In most of these studies, the children who underwent surgery were older than 1 year. The feasibility of minimally invasive reimplantation in infants with OM has not been studied; however, there are studies showing successful open reimplantation in infants. For example, Jude et al. [1] presented data on successful reimplantation using the Cohen method in infants with OM in 97% of cases. One patient experienced restenosis, and 15% had postoperative complications, such as urinary tract infections. Unfortunately, the present study does not include data on on follow-up voiding cystograms. In a sample of children with OM who underwent surgery across 12 centers using different reimplantation methods, restenosis was reported in 2.6% of cases, indicating that it is an unlikely or rare event in a single trial. Postoperative complications occurred in 6% of patients, with 2.3% experiencing transient ureteral obstruction, which can also occur after open reimplantation. In a stusdy by Babajide et al. [23], transient obstruction was observed in 30.8% of cases following open reimplantation and 27.6% following robot-assisted reimplantation. The average recovery time for the upper urinary tract was 7 months following open reimplantation and 3.7 months after robot-assisted reimplantation. It is well-established that adjusting ureter diameter during OM surgeries is a standard procedure to ensure a 5:1 ratio of tunnel length to ureter diameter, as per the Paquin rule. Notably, while the results were worse in infants in the total sample, in cases of reimplantation using transverse tunnel orientation, the positive results in both age groups were comparable and not significantly different. It is well-established that modeling of ureter diameter in OM surgeries is a standard procedure to ensure a 5:1 ratio of tunnel length to ureter diameter, according to the Paquin rule. The results of the present study indicate that ureteral shoeing has no effect on the outcome of reimplantations in all age groups. The retrospective nature of our study represents a limitation, underscoring the need for further investigation through a randomized study design. This approach would more accurately ascertain the causal relationship between the factors influencing the outcomes of minimally invasive reimplantation.

CONCLUSIONS

Minimally invasive reimplantation is a safe and effective surgical treatment for OM in pediatric patients. Additionally, it is technically feasible in young children, even in the presence of concomitant bladder and ureteral pathology.

ADDITIONAL INFO

Authorscontribution. All authors made a substantial contribution to the conception of the study, acquisition, analysis, interpretation of data for the work, drafting and revising the article, final approval of the version to be published and agree to be accountable for all aspects of the study. Personal contribution of each author: N.R. Akramov — concept development, research design development, surgical interventions, article editing; Yu.V. Baranov — conducting surgical interventions, editing the article; S.G. Bondarenko — concept development, research design development, surgical interventions, evaluation of results, collection and analysis of literary sources, statistical data processing, preparation and writing of the text of the article, editing of the article; V.I. Dubrov — research design development, surgical interventions, article editing; I.M. Kagantsov — concept development, research design development, surgical interventions, article editing; S.A. Karpachev — conducting surgical interventions, editing the article; M.I. Kogan — scientific consultant of the study, editing the text of the article; G.I. Kuzovleva — literature review, collection and analysis of literary sources, conducting surgical interventions, writing the text of the article and preparing the article for publication; A.V. Pirogov, D.E. Sablin, O.S. Shmyrov — performing surgical interventions, editing the article; Yu.E. Rudin — concept development, surgical interventions, editing of the article; V.V. Sizonov — conducting surgical interventions, preparing and writing the text of the article, editing the article.

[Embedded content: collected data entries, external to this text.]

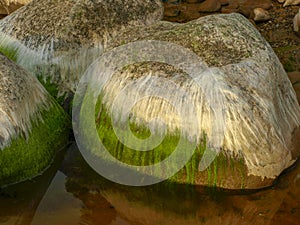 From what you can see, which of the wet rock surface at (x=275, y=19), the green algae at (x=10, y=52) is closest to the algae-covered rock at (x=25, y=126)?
the green algae at (x=10, y=52)

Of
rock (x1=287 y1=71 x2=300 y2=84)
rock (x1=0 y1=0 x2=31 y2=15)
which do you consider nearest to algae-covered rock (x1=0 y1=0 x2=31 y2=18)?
rock (x1=0 y1=0 x2=31 y2=15)

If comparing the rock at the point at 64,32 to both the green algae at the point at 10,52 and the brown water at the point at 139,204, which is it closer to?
the green algae at the point at 10,52

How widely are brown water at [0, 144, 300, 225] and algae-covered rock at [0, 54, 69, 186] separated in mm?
204

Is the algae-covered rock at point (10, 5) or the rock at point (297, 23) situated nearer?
the rock at point (297, 23)

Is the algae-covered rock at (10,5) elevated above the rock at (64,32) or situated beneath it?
situated beneath

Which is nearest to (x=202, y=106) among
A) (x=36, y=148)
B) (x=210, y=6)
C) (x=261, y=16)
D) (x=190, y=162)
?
(x=190, y=162)

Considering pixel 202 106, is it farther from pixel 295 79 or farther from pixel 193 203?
pixel 295 79

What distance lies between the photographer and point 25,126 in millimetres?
7758

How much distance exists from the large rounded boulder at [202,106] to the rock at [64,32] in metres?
0.65

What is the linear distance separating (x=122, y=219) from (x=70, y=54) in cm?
277

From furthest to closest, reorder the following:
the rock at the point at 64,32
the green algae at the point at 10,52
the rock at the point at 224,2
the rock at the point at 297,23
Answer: the rock at the point at 224,2
the rock at the point at 297,23
the green algae at the point at 10,52
the rock at the point at 64,32

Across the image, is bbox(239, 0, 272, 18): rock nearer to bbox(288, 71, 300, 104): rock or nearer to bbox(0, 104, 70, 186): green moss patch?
bbox(288, 71, 300, 104): rock

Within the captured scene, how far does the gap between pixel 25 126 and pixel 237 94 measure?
2464mm

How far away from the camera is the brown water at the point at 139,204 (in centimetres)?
709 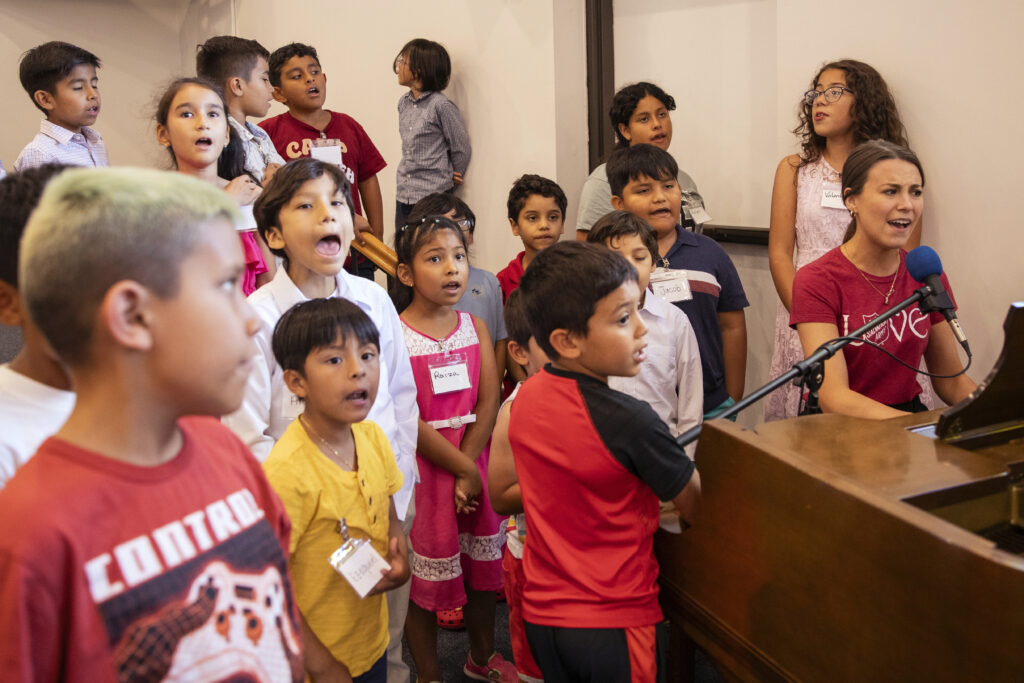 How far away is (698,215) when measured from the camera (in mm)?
3330

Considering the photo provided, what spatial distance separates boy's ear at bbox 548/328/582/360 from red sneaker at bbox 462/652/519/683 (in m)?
1.33

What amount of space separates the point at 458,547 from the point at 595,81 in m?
3.03

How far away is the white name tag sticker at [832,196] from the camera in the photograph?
314cm

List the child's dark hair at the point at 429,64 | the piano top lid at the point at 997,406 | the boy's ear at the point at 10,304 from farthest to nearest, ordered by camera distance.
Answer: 1. the child's dark hair at the point at 429,64
2. the piano top lid at the point at 997,406
3. the boy's ear at the point at 10,304

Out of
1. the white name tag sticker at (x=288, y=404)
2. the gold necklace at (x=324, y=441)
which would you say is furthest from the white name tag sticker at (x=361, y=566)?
the white name tag sticker at (x=288, y=404)

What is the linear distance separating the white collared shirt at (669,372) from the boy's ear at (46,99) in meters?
2.87

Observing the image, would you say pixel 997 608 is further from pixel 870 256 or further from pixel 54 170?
pixel 54 170

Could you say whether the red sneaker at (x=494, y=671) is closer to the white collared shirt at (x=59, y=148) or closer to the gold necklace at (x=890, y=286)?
the gold necklace at (x=890, y=286)

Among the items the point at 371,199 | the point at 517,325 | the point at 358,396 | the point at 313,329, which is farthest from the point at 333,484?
the point at 371,199

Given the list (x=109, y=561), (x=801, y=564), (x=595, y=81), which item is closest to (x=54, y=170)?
(x=109, y=561)

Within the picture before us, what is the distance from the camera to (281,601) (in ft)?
3.23

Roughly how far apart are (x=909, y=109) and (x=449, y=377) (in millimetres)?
2027

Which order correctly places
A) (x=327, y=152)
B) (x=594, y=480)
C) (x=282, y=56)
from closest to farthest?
(x=594, y=480) → (x=327, y=152) → (x=282, y=56)

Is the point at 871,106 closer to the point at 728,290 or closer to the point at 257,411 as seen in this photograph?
the point at 728,290
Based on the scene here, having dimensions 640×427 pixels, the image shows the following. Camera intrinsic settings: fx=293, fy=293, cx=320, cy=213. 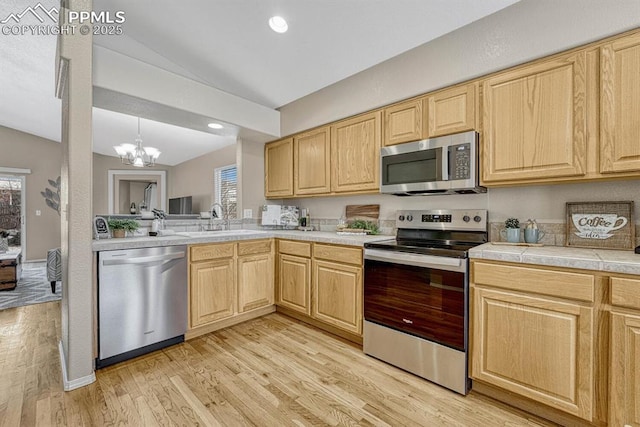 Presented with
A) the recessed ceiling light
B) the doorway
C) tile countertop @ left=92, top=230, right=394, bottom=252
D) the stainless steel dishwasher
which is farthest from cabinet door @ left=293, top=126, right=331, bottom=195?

Funding source. This study was not supported by any external sources of funding.

Competing interests. The authors declare that they have no competing interests.

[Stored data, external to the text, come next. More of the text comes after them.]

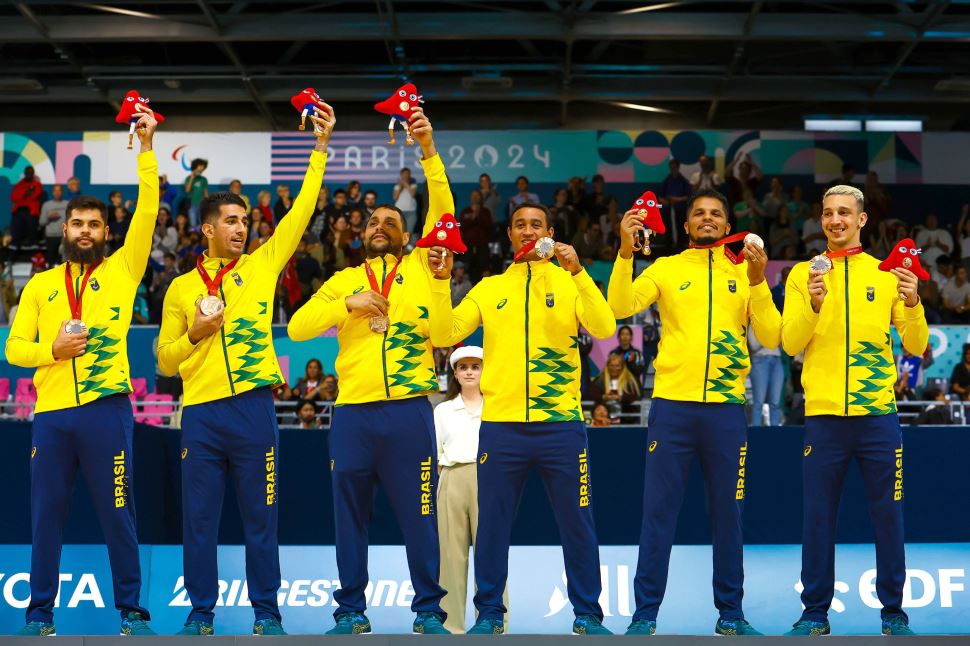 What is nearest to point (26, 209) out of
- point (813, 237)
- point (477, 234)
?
point (477, 234)

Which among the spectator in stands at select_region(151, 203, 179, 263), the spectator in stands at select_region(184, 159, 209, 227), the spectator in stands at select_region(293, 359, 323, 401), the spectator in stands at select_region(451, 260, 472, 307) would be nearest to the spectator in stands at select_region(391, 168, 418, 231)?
the spectator in stands at select_region(451, 260, 472, 307)

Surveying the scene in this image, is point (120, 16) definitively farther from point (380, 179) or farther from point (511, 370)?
point (511, 370)

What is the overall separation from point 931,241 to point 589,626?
38.6ft

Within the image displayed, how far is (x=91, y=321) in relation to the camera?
5.62 metres

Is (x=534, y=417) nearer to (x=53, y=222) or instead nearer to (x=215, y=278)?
(x=215, y=278)

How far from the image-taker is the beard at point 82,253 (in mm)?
5730

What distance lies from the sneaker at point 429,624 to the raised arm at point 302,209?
176 cm

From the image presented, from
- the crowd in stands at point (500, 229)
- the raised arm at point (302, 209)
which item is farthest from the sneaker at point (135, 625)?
the crowd in stands at point (500, 229)

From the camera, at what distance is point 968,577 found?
24.7 ft

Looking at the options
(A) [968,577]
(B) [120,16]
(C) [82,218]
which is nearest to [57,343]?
(C) [82,218]

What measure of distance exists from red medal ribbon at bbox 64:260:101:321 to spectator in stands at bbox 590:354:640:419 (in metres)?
6.33

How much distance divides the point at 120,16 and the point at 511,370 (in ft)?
38.6

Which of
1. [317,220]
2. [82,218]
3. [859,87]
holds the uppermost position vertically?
[859,87]

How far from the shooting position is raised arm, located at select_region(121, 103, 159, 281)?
18.6ft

Ethics approval. Not applicable.

ДОПОЛНИТЕЛЬНАЯ ИНФОРМАЦИЯ

Вклад авторов. Все авторы внесли существенный вклад в разработку концепции, проведение исследования и подготовку статьи, прочли и одобрили финальную версию перед публикацией. Личный вклад каждого автора: Н.Р. Акрамов — разработка концепции и дизайна исследования, проведение оперативных вмешательств, редактирование статьи; Ю.В. Баранов — проведение оперативных вмешательств, редактирование статьи; С.Г. Бондаренко — разработка концепции и дизайна исследования, проведение оперативных вмешательств, оценка результатов, сбор и анализ литературных источников, статистическая обработка данных, подготовка и написание текста статьи, редактирование статьи; В.И. Дубров — разработка дизайна исследования, проведение оперативных вмешательств, редактирование статьи; И.М. Каганцов — разработка концепции и дизайна исследования, проведение оперативных вмешательств, редактирование статьи; С.А. Карпачев — проведение оперативных вмешательств, редактирование статьи; М.И. Коган — научный консультант исследования, редактирование текста статьи; Г.И. Кузовлева — обзор литературы, сбор и анализ литературных источников, проведение оперативных вмешательств, написание текста статьи и подготовка статьи к публикации; А.В. Пирогов, Д.Е. Саблин, О.С. Шмыров — проведение оперативных вмешательств, редактирование статьи; Ю.Э. Рудин — разработка концепции, проведение оперативных вмешательств, редактирование статьи; В.В. Сизонов — проведение оперативных вмешательств, подготовка и написание текста статьи, редактирование статьи.

Источник финансирования. Авторы заявляют об отсутствии внешнего финансирования при проведении исследования и подготовке публикации.

Конфликт интересов. Авторы декларируют отсутствие явных и потенциальных конфликтов интересов, связанных с проведенным исследованием и публикацией настоящей статьи.

Этический комитет. Не применимо.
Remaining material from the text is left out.